Everything About The Fire The Size of A Football Field That Erupted Near Lim Chu Kang Cemetery

Every year, we prepare ourselves for (read: complain our butts off about) the forest fires in nearby Indonesia.

Forest fires in Singapore, though?

In case you didn’t know, Singapore has forest fires too.

It’s just that they aren’t as well-publicised, prolonged and headache-causing as the haze caused by those in Indonesia.

Until today, that is.

Fire Near Lim Chu Kang Chinese Cemetery

This image isn’t taken in Indonesia.

Image: SCDF Facebook page

It’s taken in Singapore.

On the morning of Monday, March 4, a vegetation fire broke out near Lim Chu Kang Chinese Cemetery. A total of 8 emergency vehicles and 52 firefighters were involved.

What Happened

The fire was about the length of one football field and involved piles of timber waste.

At 7.05 am on Monday morning, the Singapore Civil Defence Force (SCDF) was alerted to the fire and commenced firefighting operations till late in the night.

Image: SCDF Facebook page

The nearest fire hydrants were about 2km away; 25 of their firefighters from the special rescue unit had to manually lay hoses in order to ensure the flow of a constant water supply.

They also set up portable pumps at intervals which helped increase the water pressure.

Image: SCDF Facebook page

Fighting The Fire Throughout The Night

The SCDF updated the public with a Facebook post on Monday night, explaining that the fire was “slow burning” and “deep seated”. The nearby “thick vegetation” and “windy conditions” also worked to prolong their firefight through the night.

An onsite rehabilitation center was set up to allow the firefighters to take turns to recuperate.

Image: SCDF Facebook page

Support from Singaporeans poured in, thanking the firefighters for their bravery and service, as well as reminding them to take care and rest if needed.

The SCDF responded to these well-wises by saying: “Your kind words keep their fighting spirit high even when the going gets really tough.

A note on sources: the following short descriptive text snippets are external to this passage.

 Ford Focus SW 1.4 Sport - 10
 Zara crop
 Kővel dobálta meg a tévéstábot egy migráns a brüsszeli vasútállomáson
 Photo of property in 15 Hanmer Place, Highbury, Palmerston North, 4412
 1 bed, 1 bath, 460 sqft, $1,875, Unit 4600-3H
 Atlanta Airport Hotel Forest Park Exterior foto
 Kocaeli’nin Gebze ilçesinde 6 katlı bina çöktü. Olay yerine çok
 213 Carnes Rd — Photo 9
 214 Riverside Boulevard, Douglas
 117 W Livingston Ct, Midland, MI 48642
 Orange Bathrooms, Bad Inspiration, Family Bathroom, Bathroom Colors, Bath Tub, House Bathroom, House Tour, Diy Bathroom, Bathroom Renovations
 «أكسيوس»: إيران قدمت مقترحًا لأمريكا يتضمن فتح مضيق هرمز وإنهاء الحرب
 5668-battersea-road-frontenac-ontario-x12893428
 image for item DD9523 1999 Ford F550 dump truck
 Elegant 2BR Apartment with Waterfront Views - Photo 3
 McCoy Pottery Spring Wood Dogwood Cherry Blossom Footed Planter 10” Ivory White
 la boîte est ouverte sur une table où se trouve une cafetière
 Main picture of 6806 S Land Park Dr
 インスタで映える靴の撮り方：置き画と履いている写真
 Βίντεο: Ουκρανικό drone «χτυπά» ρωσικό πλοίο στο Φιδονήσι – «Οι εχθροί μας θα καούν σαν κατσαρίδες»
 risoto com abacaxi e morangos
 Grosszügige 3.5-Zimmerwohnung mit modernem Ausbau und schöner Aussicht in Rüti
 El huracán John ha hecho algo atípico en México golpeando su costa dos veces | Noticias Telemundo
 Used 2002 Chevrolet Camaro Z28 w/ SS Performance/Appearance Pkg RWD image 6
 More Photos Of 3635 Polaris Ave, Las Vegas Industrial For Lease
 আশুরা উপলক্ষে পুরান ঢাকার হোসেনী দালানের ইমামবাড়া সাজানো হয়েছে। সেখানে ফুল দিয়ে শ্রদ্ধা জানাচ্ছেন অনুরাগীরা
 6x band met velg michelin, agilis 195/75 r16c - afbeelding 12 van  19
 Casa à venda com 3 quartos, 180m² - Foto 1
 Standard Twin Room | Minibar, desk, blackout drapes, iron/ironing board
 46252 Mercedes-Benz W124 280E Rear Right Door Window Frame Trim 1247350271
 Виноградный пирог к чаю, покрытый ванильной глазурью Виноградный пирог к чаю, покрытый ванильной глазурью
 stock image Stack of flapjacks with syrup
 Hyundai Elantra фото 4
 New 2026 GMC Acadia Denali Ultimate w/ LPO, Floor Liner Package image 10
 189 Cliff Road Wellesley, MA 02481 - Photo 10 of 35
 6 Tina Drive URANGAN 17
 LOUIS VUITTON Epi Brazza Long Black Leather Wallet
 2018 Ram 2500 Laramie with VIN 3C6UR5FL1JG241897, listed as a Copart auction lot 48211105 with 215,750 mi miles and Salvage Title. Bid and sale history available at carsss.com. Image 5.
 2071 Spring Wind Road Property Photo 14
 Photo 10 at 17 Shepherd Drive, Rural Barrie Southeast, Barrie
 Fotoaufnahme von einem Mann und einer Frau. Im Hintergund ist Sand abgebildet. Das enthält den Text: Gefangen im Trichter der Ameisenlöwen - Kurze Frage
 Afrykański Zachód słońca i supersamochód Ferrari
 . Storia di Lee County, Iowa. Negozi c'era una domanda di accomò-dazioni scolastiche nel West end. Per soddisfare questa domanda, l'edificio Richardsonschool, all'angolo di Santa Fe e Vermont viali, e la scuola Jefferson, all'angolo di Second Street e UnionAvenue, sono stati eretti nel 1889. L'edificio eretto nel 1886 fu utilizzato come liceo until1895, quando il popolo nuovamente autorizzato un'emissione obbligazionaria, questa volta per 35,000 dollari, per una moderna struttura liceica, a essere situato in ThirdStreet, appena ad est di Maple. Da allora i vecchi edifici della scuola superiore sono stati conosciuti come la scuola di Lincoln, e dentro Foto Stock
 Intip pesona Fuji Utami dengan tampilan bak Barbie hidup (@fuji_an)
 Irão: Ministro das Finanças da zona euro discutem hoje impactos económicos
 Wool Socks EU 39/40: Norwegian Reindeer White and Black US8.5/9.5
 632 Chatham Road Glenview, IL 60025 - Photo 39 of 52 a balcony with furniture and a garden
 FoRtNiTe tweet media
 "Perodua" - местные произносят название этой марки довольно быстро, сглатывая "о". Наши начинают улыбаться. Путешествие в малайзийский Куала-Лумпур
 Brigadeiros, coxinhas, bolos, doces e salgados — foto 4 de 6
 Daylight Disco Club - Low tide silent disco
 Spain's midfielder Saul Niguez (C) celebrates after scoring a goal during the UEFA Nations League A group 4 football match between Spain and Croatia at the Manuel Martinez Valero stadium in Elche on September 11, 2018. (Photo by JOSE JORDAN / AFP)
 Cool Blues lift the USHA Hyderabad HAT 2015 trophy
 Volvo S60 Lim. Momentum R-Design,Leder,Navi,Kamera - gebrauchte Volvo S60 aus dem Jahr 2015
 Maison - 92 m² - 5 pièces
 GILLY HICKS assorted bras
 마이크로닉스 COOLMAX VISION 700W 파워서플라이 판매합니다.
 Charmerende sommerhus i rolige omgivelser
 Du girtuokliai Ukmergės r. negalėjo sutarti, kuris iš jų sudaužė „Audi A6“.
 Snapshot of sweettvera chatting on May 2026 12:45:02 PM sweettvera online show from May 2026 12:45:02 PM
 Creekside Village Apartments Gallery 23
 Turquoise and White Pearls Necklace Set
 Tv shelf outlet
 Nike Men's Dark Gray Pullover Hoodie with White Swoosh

Thank you!”

After a gruelling 19 hours, the fire was finally put out at around 2 am.

You can watch the video of the firefighting efforts here:

Netizens’ Comments

While most Singaporeans expressed sincere gratitude to the SCDF, some also speculated about the origins of the fire, particularly the piles of timber waste.

Image: Screengrab from Facebook

But really, from all of us at Goody Feed:

Thank you, SCDF, for being great at putting out fires and burning people on the internet.

Forest Fires in Singapore

Image: infuz / Shutterstock.com

Compared to the super complained about, annual Indonesian haze, forest fires in Singapore receive much less publicity.


However, due to Singapore’s extremely hot climate, it shouldn’t come as a surprise that we experience quite a number of vegetation fires too.

In 2016, the SCDF reported about 600 forest fires, about a 60% increase from 2015’s 368 fires.

What Causes Forest/Vegetation Fires?

Image: i-his

The SCDF reports that it attends to about 350 roadside vegetation fires annually.

A majority of these fires are caused by cigarette butts, littered by motorists who throw their cigarette butts onto central dividers or roadside plants and trees. These cigarette butts then kindle the dry leaves and twigs which can accumulate along the roads.

Fires can also break out in areas where rubbish and waste is left to pile up.


The SCDF urges the public to be more mindful in order to prevent fires from breaking out.

Also, The World is Just Getting Hotter

Image: PNG Image

Beyond that, climate change is a huge culprit.

With rising global temperatures, the number of hotspots is increasing in the northern ASEAN region. As Singapore is already really hot in the first place, we are naturally affected.

Just in the first 3 months of 2016 alone, 121 vegetation fires broke out in Singapore.

What To Do in a Fire

In a case where you are caught in a fire, here are some tips to help you stay safe

  • Remain calm and call 995 for the SCDF (take this number down!)
  • Alert everyone and get them to evacuate the area as quickly and orderly as possible
  • Turn off accessible gas mains
  • Use a fire extinguisher if you can
  • Stay low and cover your mouth and nose as you evacuate. If the smoke is really bad, crawl on your hands and knees
  • If you are trapped in a building, move to a window, open it and shout for help. Do not jump.
  • If you see others who have collapsed or need help, help them only if you are in a good enough physical condition to do so. It not, inform the SCDF when you have evacuated the building and leave the rescuing to them

Stay safe everyone, and a huge thank you to the SCDF for their brave efforts!